B Puroshothaman, D Powers
B Puroshothaman, D Powers. A simple diagnostic test for symptomatic Linburg-Comstock anomaly. The Internet Journal of Hand Surgery. 2008 Volume 2 Number 2.
Anomalous connection between the flexor policis longus (FPL) and the flexor digitorum profundus (FDP II) to the index finger obstructs the independent flexion movement of the fingers. Linburg and Comstock reported four cases of anomalous slips between the FPL and FDP to the index finger. Epidemiological study reveals an incidence of up to 37% with unilateral incidence of this condition in up to 31% of patients while it can be bilateral in 14%.  In spite of the high incidence of the anomaly only a small sub group of patients are symptomatic from the condition. It has been commonly reported in musicians in whom repetitive thumb and finger movements cause restrictive, flexor tenosynovitis. Repetitive and continuous use of the hand aggravates the symptoms and can be cause of concern in musicians in whom the static thumb posture with active finger movements can lead to painful restrictive tenosynovitis.  It has also been reported that uncontrollable simultaneous flexion of the thumb and index finger may lead to fatal accidents in security personnel with this anomaly.

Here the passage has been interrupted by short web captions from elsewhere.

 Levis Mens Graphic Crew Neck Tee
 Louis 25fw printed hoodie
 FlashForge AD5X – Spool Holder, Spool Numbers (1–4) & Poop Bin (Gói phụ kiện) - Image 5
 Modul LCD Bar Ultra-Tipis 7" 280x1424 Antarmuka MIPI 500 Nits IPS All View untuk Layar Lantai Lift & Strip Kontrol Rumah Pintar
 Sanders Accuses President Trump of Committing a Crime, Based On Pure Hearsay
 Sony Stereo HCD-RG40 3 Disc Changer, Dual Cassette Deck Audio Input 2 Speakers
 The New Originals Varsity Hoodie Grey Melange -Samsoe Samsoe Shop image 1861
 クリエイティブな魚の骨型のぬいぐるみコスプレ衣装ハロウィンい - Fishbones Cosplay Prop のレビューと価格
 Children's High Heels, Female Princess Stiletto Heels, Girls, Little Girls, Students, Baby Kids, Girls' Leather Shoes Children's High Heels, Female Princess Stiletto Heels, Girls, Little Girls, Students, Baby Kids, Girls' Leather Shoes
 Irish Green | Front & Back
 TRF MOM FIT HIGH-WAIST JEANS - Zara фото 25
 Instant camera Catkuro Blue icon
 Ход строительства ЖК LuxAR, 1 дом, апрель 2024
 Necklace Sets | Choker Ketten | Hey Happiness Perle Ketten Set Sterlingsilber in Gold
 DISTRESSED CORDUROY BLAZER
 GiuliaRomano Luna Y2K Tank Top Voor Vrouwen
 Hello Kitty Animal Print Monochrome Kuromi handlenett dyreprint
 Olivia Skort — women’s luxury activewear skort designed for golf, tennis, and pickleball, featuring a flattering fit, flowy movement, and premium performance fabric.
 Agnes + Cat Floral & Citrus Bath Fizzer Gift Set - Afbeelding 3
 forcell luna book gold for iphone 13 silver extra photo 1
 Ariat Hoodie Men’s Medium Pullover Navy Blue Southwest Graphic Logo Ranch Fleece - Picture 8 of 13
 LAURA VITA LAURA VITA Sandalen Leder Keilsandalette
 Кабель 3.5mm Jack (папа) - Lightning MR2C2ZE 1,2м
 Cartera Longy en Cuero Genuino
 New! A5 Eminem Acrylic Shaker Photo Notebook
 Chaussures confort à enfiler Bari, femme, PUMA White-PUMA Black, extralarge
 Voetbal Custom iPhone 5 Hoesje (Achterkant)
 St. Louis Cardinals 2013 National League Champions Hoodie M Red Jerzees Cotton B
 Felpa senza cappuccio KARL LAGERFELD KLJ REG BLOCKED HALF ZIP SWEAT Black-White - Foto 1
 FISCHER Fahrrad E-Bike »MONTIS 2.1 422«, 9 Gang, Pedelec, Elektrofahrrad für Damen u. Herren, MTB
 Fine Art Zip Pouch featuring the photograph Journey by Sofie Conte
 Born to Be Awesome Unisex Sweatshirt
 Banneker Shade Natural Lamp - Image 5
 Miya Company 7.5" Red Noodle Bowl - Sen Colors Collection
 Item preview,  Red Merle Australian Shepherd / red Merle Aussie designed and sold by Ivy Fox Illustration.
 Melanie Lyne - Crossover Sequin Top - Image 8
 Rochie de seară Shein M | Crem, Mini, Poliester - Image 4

The anomaly can be asymptomatic or can present as an inability to flex the inter-phalangeal joint of the thumb without flexing the distal inter-phalangeal joint of the index finger. It may also present as pain in the distal forearm, wrist or in the hand. Median nerve symptoms resembling carpal tunnel syndrome could be present due to the inflammation or the presence of additional tendons or synovitis within the carpal tunnel.  Failure to identify the presence of this condition can result in inadequate decompression as the conventional surgical approach precludes adequate forearm exploration. Excision of the anomalous tendon slips resulted in symptom relief in all the patients in the original series.
Linburg and Comstock described the screening test of passively restricting finger flexion while actively flexing the thumb which causes pain in the distal radial forearm and the wrist.  Karalezli et al have shown MRI to be helpful in localising the anomalous connection which confirms the diagnosis and also helps the surgeon perform the operation with a limited incision. 
On examination, patients complain of pain or discomfort during flexion of the thumb to the base of the little finger while the index finger is being held in extension by the examiner. This test has been widely used as a screening tool to test for this anomaly.
We describe a simple test for confirming the diagnosis of this condition. When passive restriction of index finger flexion when actively flexing the thumb produces pain in the distal radial forearm and the wrist, 0.5mls of Lignocaine (1%) is injected into the radial aspect of the distal forearm at the junction of the FPL and FDP II tendons (Figure 1) at the proximal edge of pronator quadratus (approx 2 finger breadths proximal to the proximal palmar crease). The needle tip is inserted to the bone and slightly withdrawn to inject locally around the tendon of FPL and FDP II. After 10 minutes the clinical examination manoeuvre described by Linburg and Comstock is repeated. Relief of pain confirms the diagnosis.
This test is used in our hand clinic in patients with suspected Linburg Comstock anomaly before offering surgical exploration. Once the diagnosis is confirmed the surgical treatment options include exploration, excision of the tendinous connection or chronic synovitic tissue and adhesions and if needed carpal tunnel decompression depending on the patients symptoms.